Rev. esp. enferm. dig. vol.102 no.1 Madrid ene. 2010




Lymphoepithelial cyst of the pancreas mimicking a cystic neoplasm

Quiste linfoepitelial de páncreas. Un simulador de neoplasia quística



Key words: Lymphoepithelial cyst. Pancreatic true cyst. Benign pancreatic cyst.

Palabras clave: Quiste linfoepitelial. Quiste pancreático verdadero. Quiste pancreático benigno.


Dear Editor,

Cystic lesions of the pancreas are rare. They can be classified into pseudopancreatic cysts (80%) and true pancreatic cysts (20%). Lymphoepithelial cysts of the pancreas (LECP) are true pancreatic cysts, benign and extremely rare that can mimic cystic neoplasms making difficult its differential diagnosis preoperatively.


Case report

A 73-year-old male patient was found to have a pancreatic cystic lesion after undergoing an abdominal computed tomography (CT). Physical examination and blood tests were normal except for elevated CA 19-9 and CEA levels. Abdominal CT and magnetic resonance imaging (MRI) showed a multiloculated lesion of 5.2 cm in diameter in the body tail of the pancreas. Both CT and MRI features of the mass favored a mucinous cystic neoplasm so we made the decision to operate the patient. A distal splenopancreatectomy involving the cystic lesion was carried out with a rim of normal pancreatic tissue. Pa-thologic examination (Fig. 1) revealed: yellowish multiloculated cyst, well circumscribed, filled with abundant amorphous and granular material.
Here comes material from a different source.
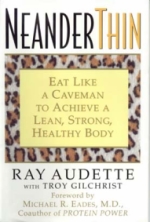 Neander Thin by Ray Audette was the book that started the modern paleolithic, or caveman diet craze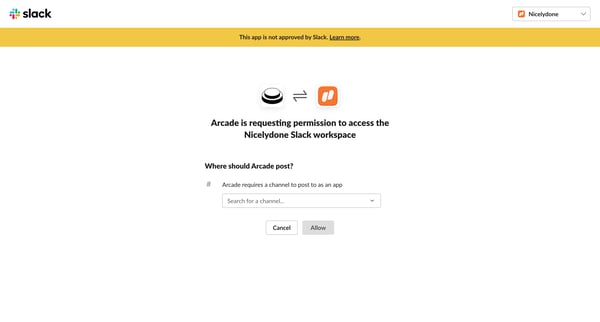 Arcade is requesting permission to access the Nicelydone Slack wo from Arcade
Microscopically presented a wall lined by stratified keratinized squamous epithelium surrounded by lymphoid tissue with germinal centers. The cyst was filled with anucleated squamous cells, proteinaceus material and cholesterol crystals. These findings were diagnostic of a benign LEC of the pancreas.



Lymphoepithelial cysts of the pancreas were first described in 1985. About one hundred cases have been previously described (1). This is the first reported case in Spain. LECPs occur more commonly in the middle-age man, often asymptomatic, and may appear either intrapancreatic or peripancreatic.

The etiopathogenesis as well as histogenesis of LECPs remain unclear. They have been described in other locations in which frequently are associated with autoimmune diseases and states of immunological depression (2).

Diagnosis of LECPs preoperatively is difficult because they can mimic other cystic pancreatic lesions. Differential diagnosis of LECPs may include pseudocyst, mucinous cystic neoplasm and intraductal papillary mucinous neoplasm.

Chemical analysis of pancreatic LECPs fluid have shown a high level of tumor markers CEA and CA 19-9 as well as variable levels of amylase (3).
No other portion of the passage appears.